Task requirements :: Your answer should be the lines below from the one with "Antique oval hand hooked rug" to the one with "Callaway golfbollar med", both included, given again exactly and with nothing added.

Supplied entries ::
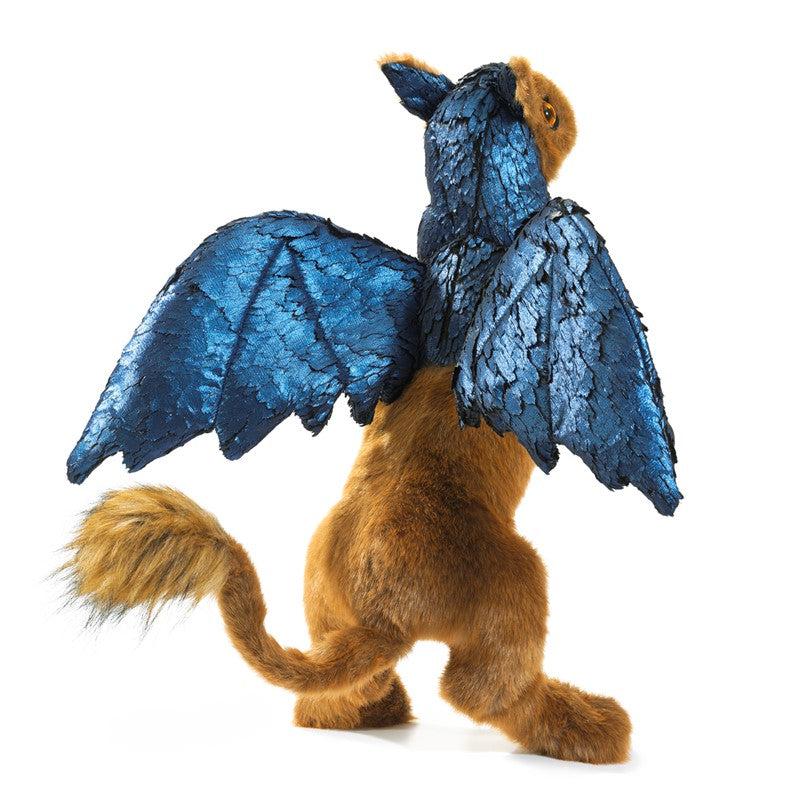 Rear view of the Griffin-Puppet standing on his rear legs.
---
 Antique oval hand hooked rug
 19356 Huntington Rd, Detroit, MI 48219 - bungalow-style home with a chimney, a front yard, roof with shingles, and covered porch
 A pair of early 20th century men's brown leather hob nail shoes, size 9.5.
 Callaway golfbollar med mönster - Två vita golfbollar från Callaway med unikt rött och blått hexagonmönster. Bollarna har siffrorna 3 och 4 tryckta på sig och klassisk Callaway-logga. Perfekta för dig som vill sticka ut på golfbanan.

Finished task ::
 Antique oval hand hooked rug
 19356 Huntington Rd, Detroit, MI 48219 - bungalow-style home with a chimney, a front yard, roof with shingles, and covered porch
 A pair of early 20th century men's brown leather hob nail shoes, size 9.5.
 Callaway golfbollar med mönster - Två vita golfbollar från Callaway med unikt rött och blått hexagonmönster. Bollarna har siffrorna 3 och 4 tryckta på sig och klassisk Callaway-logga. Perfekta för dig som vill sticka ut på golfbanan.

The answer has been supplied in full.